_Exercise description_
Every entry below should be printed exactly, without its images.

[[ Source data open ]]

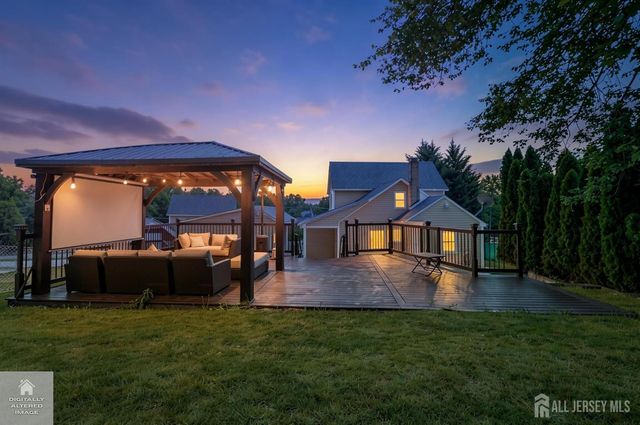 13 Hensler Lane, Sayreville, NJ 08872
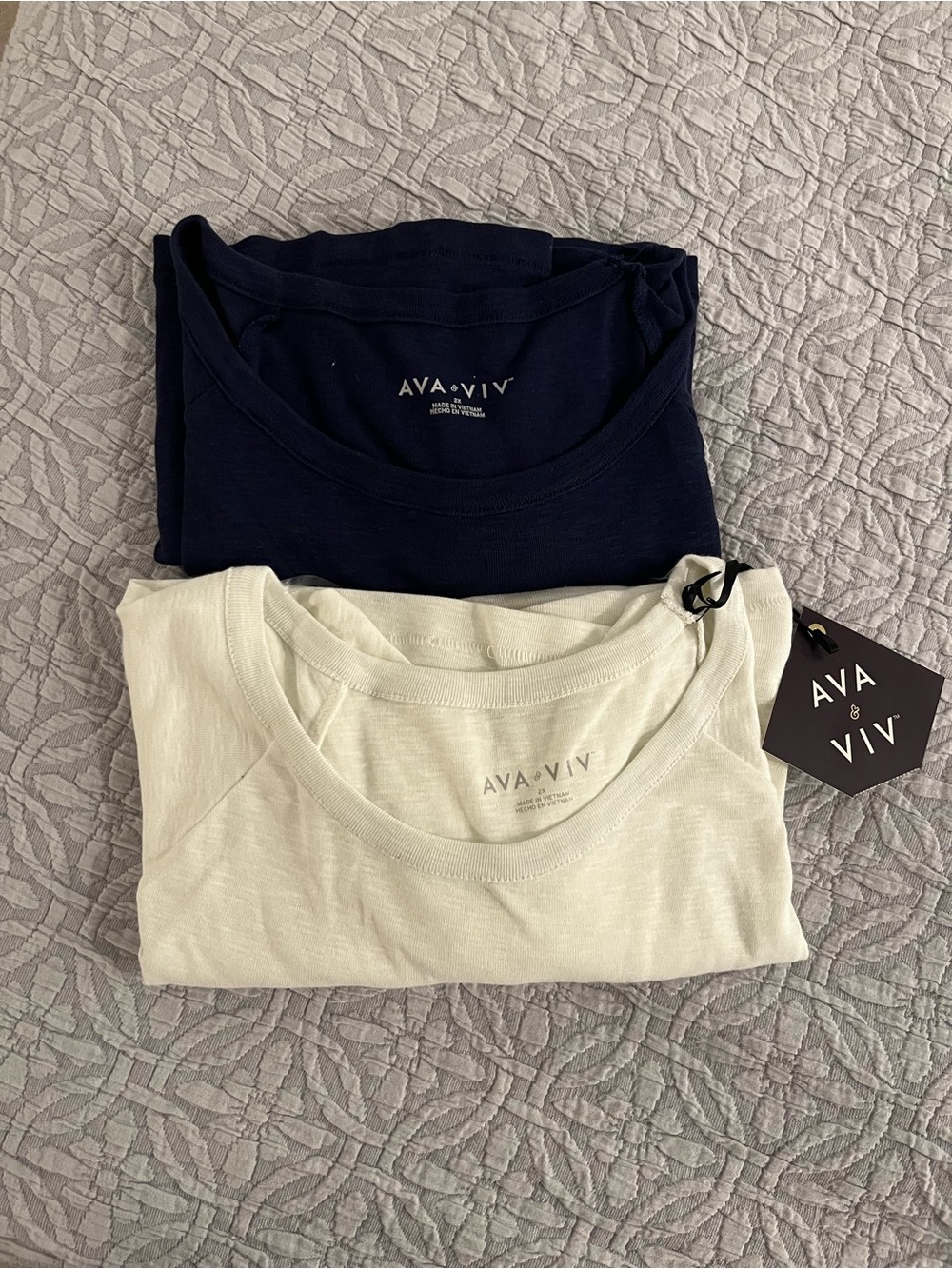 💚 2 for $45 NWT/EUC Lot: 2 Summer T-Shirts Ava & Viv Target Flutter Tops Sz 2X
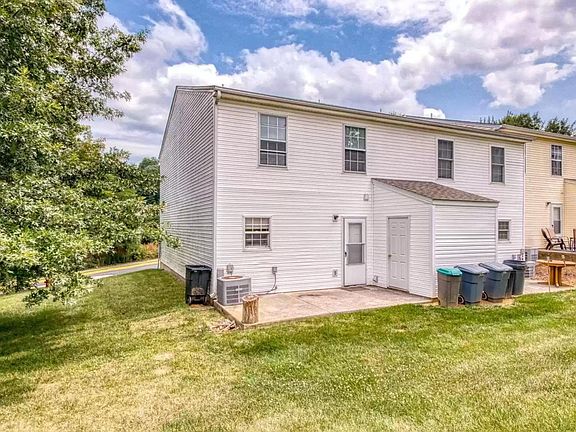 3rd image of 1423 Jennifer Dr #1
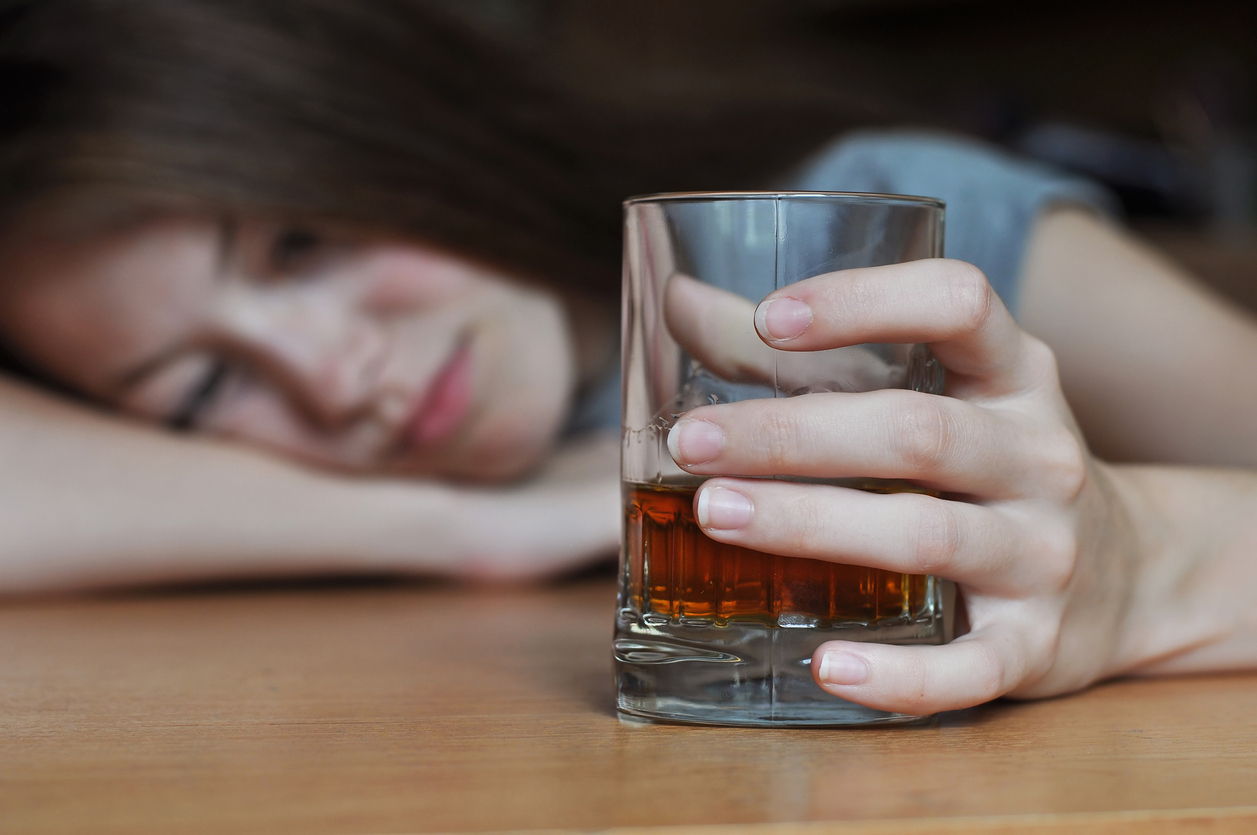 spiking tiener uitgaan dronken 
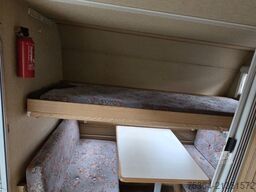 KIP KG 48 TN Wohnwagen Toilet + Etagenbett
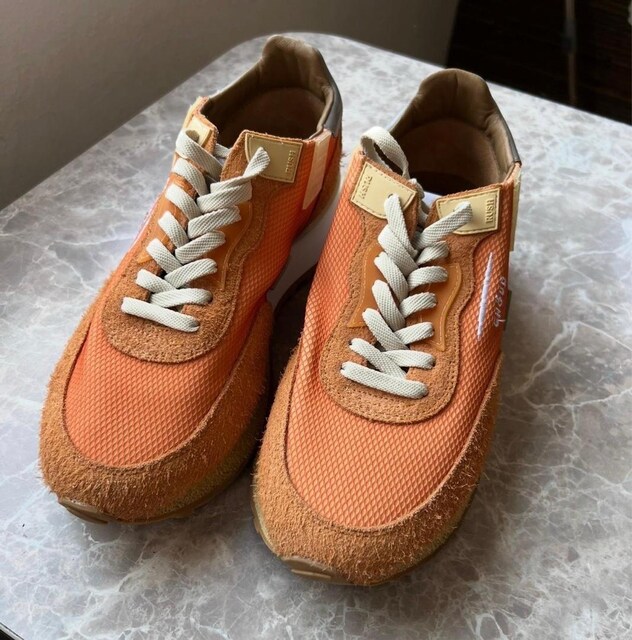 İtalyan moda markası GHOUD'un Rush serisi sneaker modelidir.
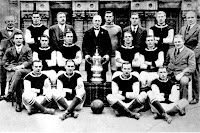 ASTON VILLA F. C. - Birmingham, Inglaterra - Temporada 1919-20 - George Ramsay (manager) Smart, Bate (directivo), Sam Hardy, Miles (directivo), Moss y Spencer (directivo); J. Devey (entrenador), Billy Kirton, Andy Ducat, Rinder (presidente), Billy Walker, Stephenson y Jones (directivo); Wallace, Frank Barson, Weston y Dorrell - ASTON VILLA 1 (Kirton) HUDDERSFIELD TOWN 0 - 24/04/1920 - FA Cup Final - Londres, Inglaterra, Stamford Bridge Stadium - Aston Villa gana su 6ª Copa de Inglaterra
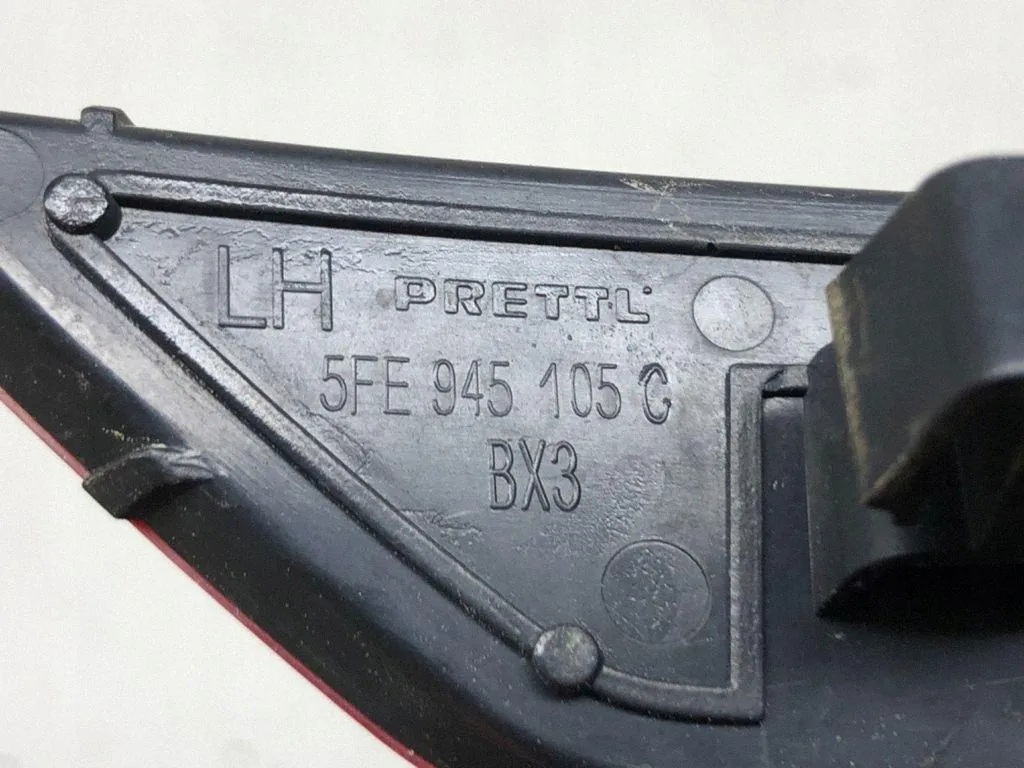 Refletor Traseiro Esquerdo SEAT Leon IV 5FE945105C image 3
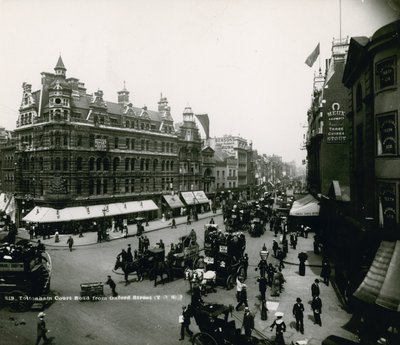 Tottenham Court Road da Oxford Street, Londra da English Photographer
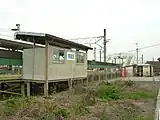 待合室(左)と駅舎(右奥)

[[ Source data closed ]]

_Your response_
 13 Hensler Lane, Sayreville, NJ 08872
 💚 2 for $45 NWT/EUC Lot: 2 Summer T-Shirts Ava & Viv Target Flutter Tops Sz 2X
 3rd image of 1423 Jennifer Dr #1
 spiking tiener uitgaan dronken 
 KIP KG 48 TN Wohnwagen Toilet + Etagenbett
 İtalyan moda markası GHOUD'un Rush serisi sneaker modelidir.
 ASTON VILLA F. C. - Birmingham, Inglaterra - Temporada 1919-20 - George Ramsay (manager) Smart, Bate (directivo), Sam Hardy, Miles (directivo), Moss y Spencer (directivo); J. Devey (entrenador), Billy Kirton, Andy Ducat, Rinder (presidente), Billy Walker, Stephenson y Jones (directivo); Wallace, Frank Barson, Weston y Dorrell - ASTON VILLA 1 (Kirton) HUDDERSFIELD TOWN 0 - 24/04/1920 - FA Cup Final - Londres, Inglaterra, Stamford Bridge Stadium - Aston Villa gana su 6ª Copa de Inglaterra
 Refletor Traseiro Esquerdo SEAT Leon IV 5FE945105C image 3
 Tottenham Court Road da Oxford Street, Londra da English Photographer
 待合室(左)と駅舎(右奥)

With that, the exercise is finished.